LUCIANO MENDES DE ALMEIDA

      Creio que ninguém duvide da importância do trabalho para resolver a questão social. O trabalho dignifica a pessoa, permite o desenvolvimento de suas capacidades, contribui para a promoção do bem comum e, como é óbvio, garante a subsistência do trabalhador e de sua família.
      O problema encontra-se na extrema dificuldade para conseguir trabalho. Os altos índices de desemprego e a multiplicação de empregos informais provam que as oportunidades se tornam cada vez mais raras. Quem sofre é a juventude, que vê muito cedo frustradas as suas esperanças. Dramática é a situação de quem, após anos de trabalho, uma vez despedido, percebe a quase impossibilidade de encontrar um novo emprego.
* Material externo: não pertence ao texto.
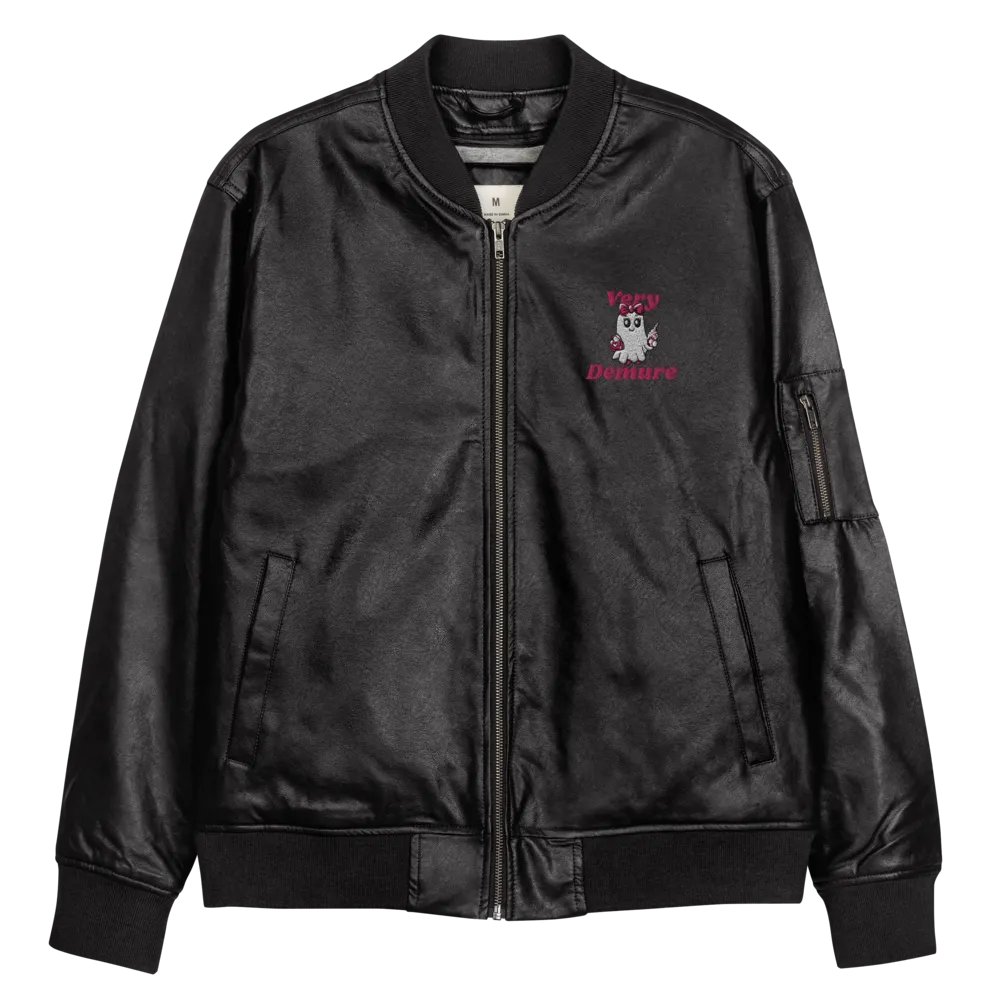 Very Demure Cute Ghost Embroidered Faux Leather Bomber Jacket product image (10)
      Confesso que, no exercício do ministério sacerdotal, constato a cada dia, por um lado, o enorme esforço das pessoas para obterem trabalho com salário digno e, por outro lado, a escassez de oportunidade. Onde surgem vagas, formam-se enormes filas de candidatos, que são examinados, fichados e aguardam um chamado que não acontece. As dívidas crescem. O alimento diminui em casa. Diante da realidade aflitiva, vai-se infiltrando o desânimo e a perda da auto-estima. Conhecemos as conseqüências.
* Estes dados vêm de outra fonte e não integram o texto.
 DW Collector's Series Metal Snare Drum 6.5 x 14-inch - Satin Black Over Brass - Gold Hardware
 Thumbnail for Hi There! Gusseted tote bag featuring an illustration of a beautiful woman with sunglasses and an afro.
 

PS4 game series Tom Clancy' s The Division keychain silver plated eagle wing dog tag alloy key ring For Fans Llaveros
      Torna-se incongruente festejar o Dia do Trabalhador, a conquista de seus direitos e a consciência de seus deveres quando tantos não conseguem ter acesso ao emprego indispensável para a sua manutenção. Hoje, ser trabalhador é privilégio.
      Mesmo quando surge, a oportunidade de emprego nem sempre corresponde à expectativa nem oferece a estabilidade desejada. Basta considerar a insuficiência do salário mínimo. Não se trata de ampliar a descrição dos problemas que caracterizam o mundo do trabalho em nossos dias, pois estamos bem conscientes da amarga realidade. É preciso, no entanto, diante de Deus, unir esforços para enfrentar os desafios.
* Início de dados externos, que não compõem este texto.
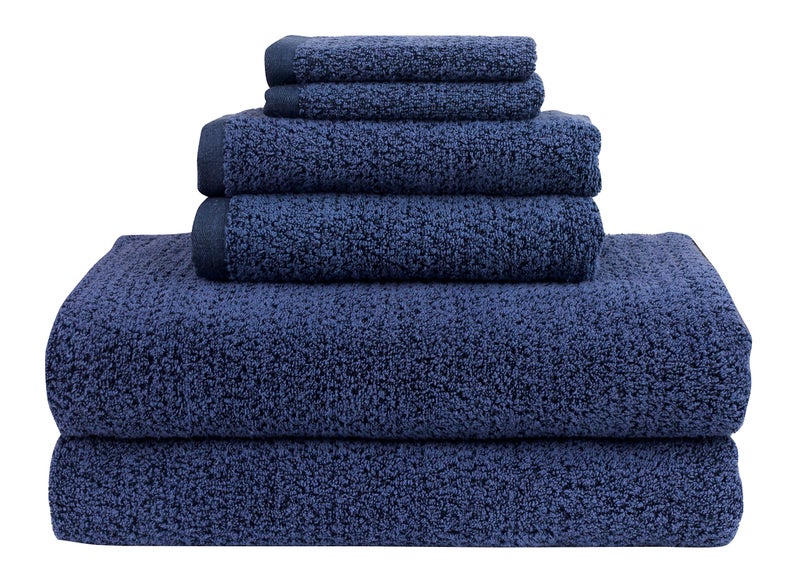 Everplush Everplush Diamond Jacquard 6 Pieces Bath Sheet Set Navy Blue 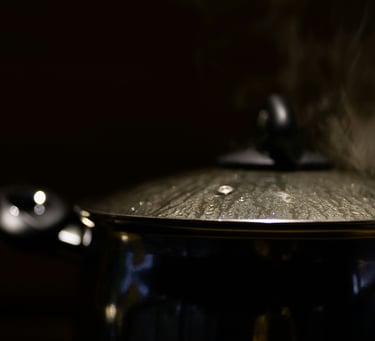 Boiling pan of water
      A primeira atitude deve ser de solidariedade fraterna, percebendo a árdua condição dos excluídos sociais e a urgência de encontrar soluções viáveis no campo e na cidade. A exigência de fraternidade vai nos reeducando para criar novas opções de emprego. Há que valorizar iniciativas de capacitação de trabalhadores e da organização de cooperativas, com auxílio de empréstimos, sem juros abusivos. Em algumas cidades, a prefeitura terceirizou a limpeza e a manutenção de ruas e estradas, a coleta seletiva de lixo, a pintura de edifícios públicos. Nas áreas rurais, a ajuda técnica pode indicar os plantios mais adequados, garantindo o aprendizados dos agricultores e o aproveitamento racional da produção, com especial atenção às hortas que abastecem as cidades. Não faltam exemplos de projetos bem-sucedidos. O importante é dar prioridade a essas iniciativas e multiplicá-las com inteligência e rapidez, unindo a colaboração governamental com as propostas e expectativas da sociedade local.
      Estamos acompanhando as notícias da marcha dos milhares de trabalhadores sem-terra que, nestes dias, caminham rumo a Brasília na esperança de motivar os governantes e o país para a urgência de agilizar os assentamentos com recursos e auxílios técnicos adequados. É tempo de encontrarmos os melhores meios legais que permitam a esses irmãos viver e trabalhar com dignidade na terra, como compete a filhos e a filhas de Deus.